1.                 whether there is an arguable issue;

2.                 whether there is a reasonable excuse for the failure to file a defence and failure to appear; and

3.                 prejudice to the claimant.

1.       Is there an arguable issue?

[26]        Firstly, the appellant says it has an arguable defence and has provided in its appeal book copies of medical information it received which do not refer to Mr. Hupman’s fall, which is the basis upon which the claim for the accidental death benefit is made. The EHS report, death report, and progress notes refer to other health problems. These are potential support for the defence’s position that the claim should be denied.

[27]        In my view this is an arguable defence. It does not appear to be frivolous; in fact, quite the contrary.

2.       Is there a reasonable excuse for failure to file a defence and failure to appear?

[28]        Secondly, there is an agreed statement of facts submitted by the parties. I summarize these as follows:

1.                 Service was made on the recognized agent on July 7, 2015. A mailing address for the defendant was found in the law firm’s records and the Notice of Claim was sent to that address.

2.                 Through inadvertence, the recognized agent did not follow up with the insurer nor note the hearing date.
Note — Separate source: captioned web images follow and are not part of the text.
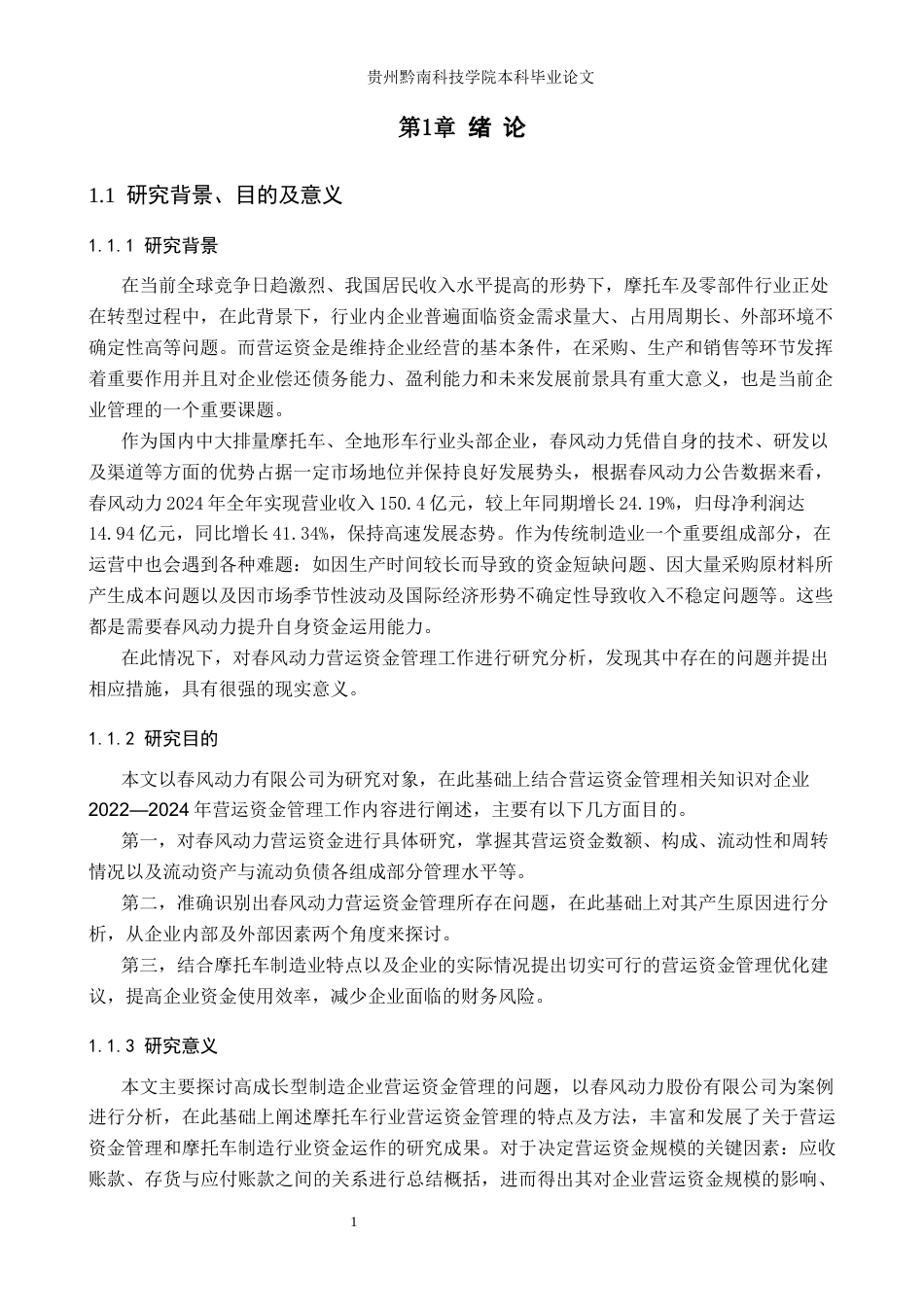 26年WH财务管理 春风动力有限公司营运资金管理分析9.35-AI1.16-约23020字符.docx_第5页
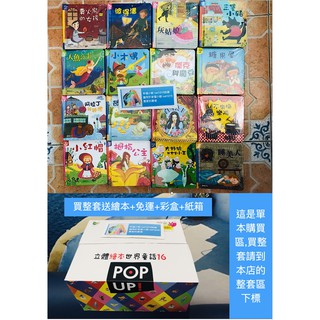 幸福小樹 立體繪本世界童話POP UP (16款) 華碩文化 立體故事書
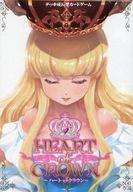 【中古】ボードゲーム HEART of CROWN ～ハートオブクラウン～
The letter sent to the insurer was subsequently returned to sender after the hearing date.

3.                 The Notice of Claim was thereafter sent to a new contact person at CIBC Life.

[29]        The issue is whether there is a reasonable excuse for the failure to file a defence and attend at the hearing.

[30]        There is an expectation that a recognized agent who has been served, and therefore service is effective upon the client, will ensure he or she has instructions from the client in advance of the hearing date. Inadvertently that did not occur.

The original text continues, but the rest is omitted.